The procedure for transplanting Leptospermum should be carried out very carefully. The roots of the bush are quite sensitive. Even if the fine-seeded plant is grown as bonsai, it is advised to prune them as rare and as little as possible. For the same reason, it is not recommended to loosen the soil in the pot: you can touch the roots located near the surface of the soil.
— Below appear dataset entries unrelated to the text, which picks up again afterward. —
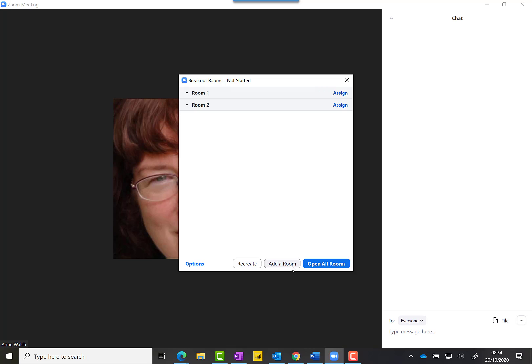If you find for some reason somebody's dropped out, there's an option here that says Add Room, so you can add another room if you want to. We'll look at how you can assign people to rooms in another video, but right now I'd suggest you just go with automatically. Hope you find this useful. See you in the next video. Take care, bye.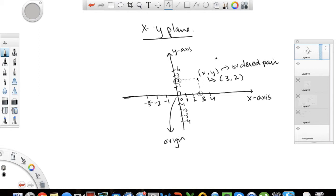For example, if I have a point whose X value is negative two and the Y value is negative four, this point is written as negative two comma negative four. Simple, easy, and straightforward.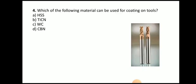Next question: which of the following materials can be used for coating on the tool? The answer is titanium and titanium carbon nitride. So these materials are used for coating on the tool. Here you can see the coated tool.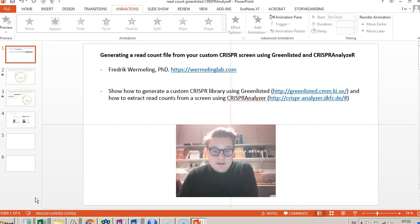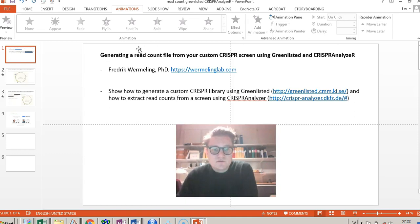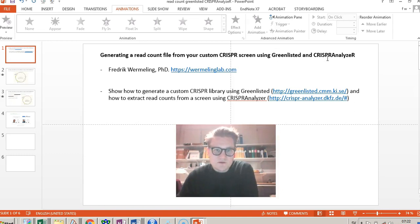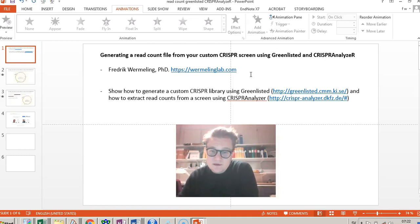Hello everyone, this is Fredrik Wermling. In this short video I'm going to show you how to generate a read count file from your custom CRISPR screen using Greenlisted and CRISPR Analyzer softwares.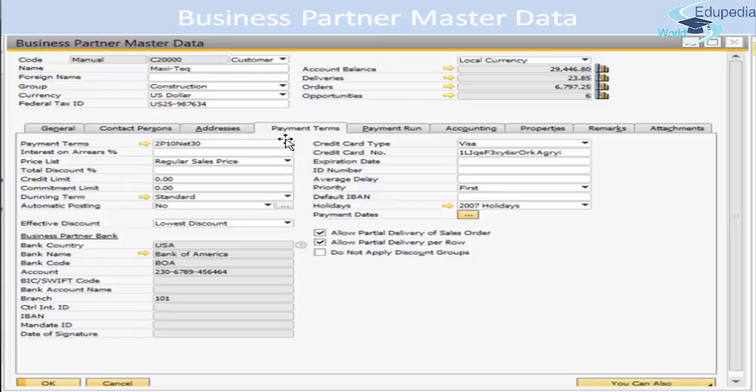Item prices in sales and purchasing documents are automatically taken from the price list selected in this field. Therefore, whenever a user links a price list to a specific business partner, they must make sure that item prices are defined in that price list — otherwise no price will be displayed for items in documents related to this business partner. You also have a total discount percentage field, which can be linked to a selected payment term or entered manually.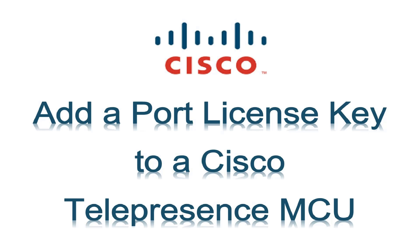Hello. This video describes installing a port license key on a Cisco Telepresence MCU. Let's begin.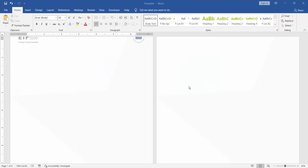Assalamu alaikum. In this video, I will show you how to print multiple copies on one page in Microsoft Word.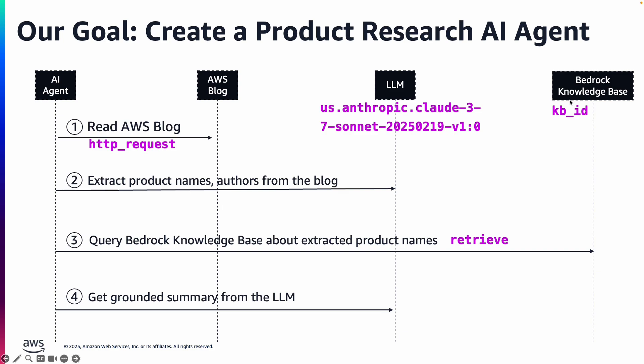And then for each of the product names that we extracted from the blog, it queried the Bedrock Knowledge Base, which is a vector store, and got more details about that product using another built-in Strands agent tool named retrieve. And then it used that information to summarize and write it to a file in a markdown format.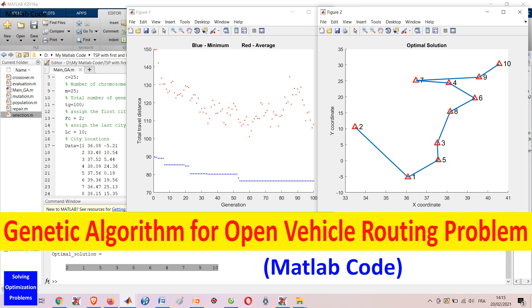It is possible to download and customize this MATLAB code to solve new vehicle routing problems. Vehicle routing problem, or VRP, has many useful applications in industry, such as transportation and logistics.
If the bush still needs to be transplanted, it is better to use the transshipment method, moving the specimen into a new, slightly more spacious container along with a clod of earth and maintaining the level of deepening.

Flowering period

Subject to all conditions of detention, Leptospermum will delight the eye with its bright colors for 2-3 months. Usually, this period occurs in the spring or early summer. Some specimens may stop blooming by the beginning of June, but in the case of such an early start, in winter they sometimes begin a second wave of flowering. True, in this case, it will no longer be so abundant.

The plant is self-pollinated and does not require any additional measures to obtain seeds. They can even be tied at home. The fruits of Leptospermum are dense capsules, tiny seeds in which ripen for almost a whole year.

Reproduction methods of Leptospermum

Reproduction of leptoospermum
Reproduction of Leptospermum

For the reproduction of Leptospermum, cuttings or planting of seeds are used. Cuttings for planting are cut in summer, in July. To speed up their rooting, you can use root growth stimulants. In this case, they can appear in a few weeks.

The seeds can be planted at any time of the year. They are carefully sown into the soil and covered with glass. Despite the rapidity of the emergence of seedlings, after a couple of weeks, the seedlings stop development. Some of them may never recover during this period. The rest later resume their growth. But such seedlings turn into a flowering bush only for 5-6 years.

Diseases and pests

Thanks to the leaves rich in phytoncides, most harmful insects bypass the bush. Sometimes a spider mite can pose a threat to Leptospermum. To prevent the appearance of pests, it is worth treating the shrub with phytoverm or another similar drug as a preventive measure.

Indoor plant varieties

Leptospermum paniculata is the most popular species found on the market. In addition to it, in stores, you can see the thyme-leaved variety with white flowers. Another option is the creeping Leptospermum, which is grown as a ground cover in the southern regions.

Tips for buying Leptospermum

Leptospermum

When purchasing an adult Leptospermum in a gardening store, you should carefully study the appearance of the bush. This will allow you to select the healthiest plant. The appearance of the leaves may be alarming: if they fall off or have a matte rather than glossy sheen, they are probably already dried up. The state of the branches matters too. Healthy ones should have a red color, while dried ones acquire a gray tint. If the bush looks bad already in the store, you should not buy it – it will no longer be possible to revive such a plant.

At the purchase stage, you can not only stumble upon a wilted specimen but also accidentally confuse the desired plant with another. It is worth knowing about the difference between the “New Zealand tea tree” (manuka) and the “Australian tea tree” (melaleuca). These are related species, slightly similar to each other, but different in their properties.